Records for this task:
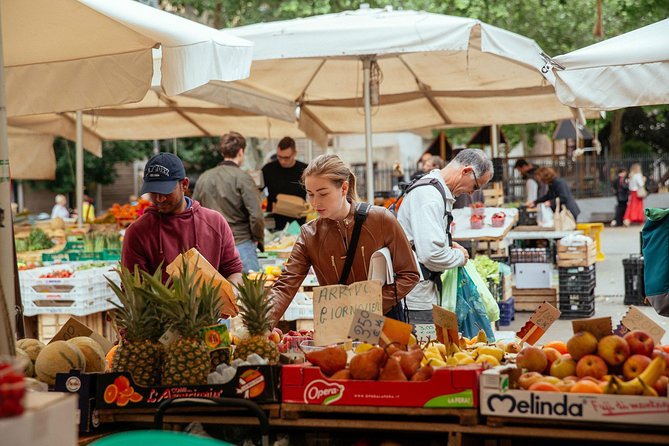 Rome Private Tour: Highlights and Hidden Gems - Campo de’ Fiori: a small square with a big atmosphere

* * *

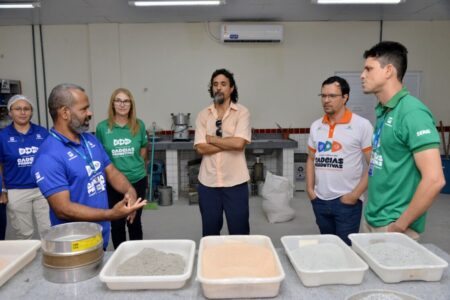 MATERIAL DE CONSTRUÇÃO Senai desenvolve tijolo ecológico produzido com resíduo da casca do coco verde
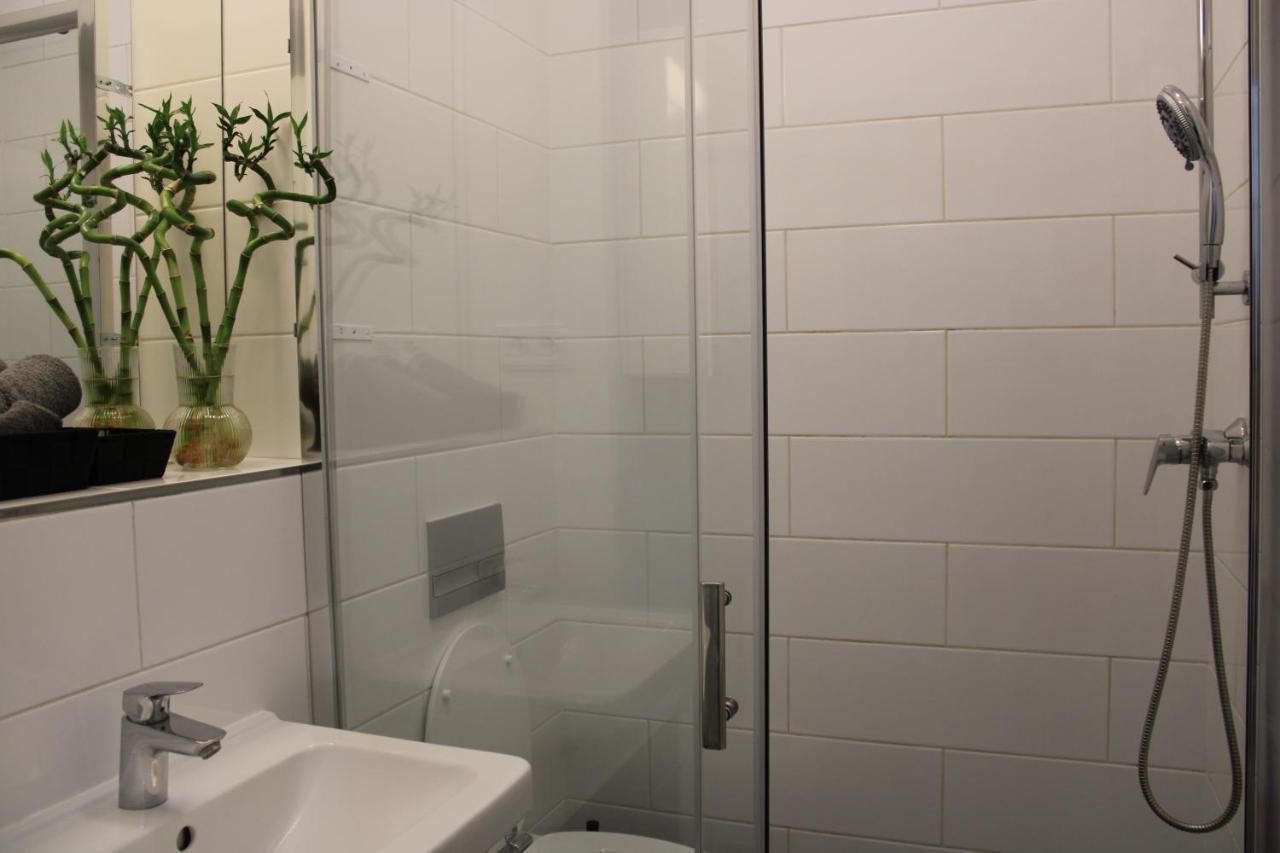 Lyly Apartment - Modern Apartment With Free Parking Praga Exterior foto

Exercise:
Above are records; repeat only the lines from the line with "MATERIAL DE CONSTRUÇÃO" through the line with "Lyly Apartment - Modern", and leave pictures out.

Problem solution:
 MATERIAL DE CONSTRUÇÃO Senai desenvolve tijolo ecológico produzido com resíduo da casca do coco verde
 Lyly Apartment - Modern Apartment With Free Parking Praga Exterior foto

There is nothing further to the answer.